:: Data records ::

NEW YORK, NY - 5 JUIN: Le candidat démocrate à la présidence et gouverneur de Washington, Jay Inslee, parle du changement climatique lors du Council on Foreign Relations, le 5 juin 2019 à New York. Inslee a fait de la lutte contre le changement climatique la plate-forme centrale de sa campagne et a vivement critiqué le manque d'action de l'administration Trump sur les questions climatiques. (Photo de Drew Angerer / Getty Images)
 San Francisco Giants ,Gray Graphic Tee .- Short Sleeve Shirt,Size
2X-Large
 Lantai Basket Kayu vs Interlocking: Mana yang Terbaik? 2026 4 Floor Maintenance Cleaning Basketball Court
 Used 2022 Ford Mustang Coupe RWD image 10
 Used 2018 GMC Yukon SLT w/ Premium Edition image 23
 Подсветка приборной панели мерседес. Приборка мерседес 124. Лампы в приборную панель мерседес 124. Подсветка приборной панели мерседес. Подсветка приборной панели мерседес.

:::

Try it: Include the first line of the listing, the line with "Used 2022 Ford Mustang Coupe RWD image 10", and every line between them, each repeated exactly, and output only those.

Task response:
NEW YORK, NY - 5 JUIN: Le candidat démocrate à la présidence et gouverneur de Washington, Jay Inslee, parle du changement climatique lors du Council on Foreign Relations, le 5 juin 2019 à New York. Inslee a fait de la lutte contre le changement climatique la plate-forme centrale de sa campagne et a vivement critiqué le manque d'action de l'administration Trump sur les questions climatiques. (Photo de Drew Angerer / Getty Images)
 San Francisco Giants ,Gray Graphic Tee .- Short Sleeve Shirt,Size
2X-Large
 Lantai Basket Kayu vs Interlocking: Mana yang Terbaik? 2026 4 Floor Maintenance Cleaning Basketball Court
 Used 2022 Ford Mustang Coupe RWD image 10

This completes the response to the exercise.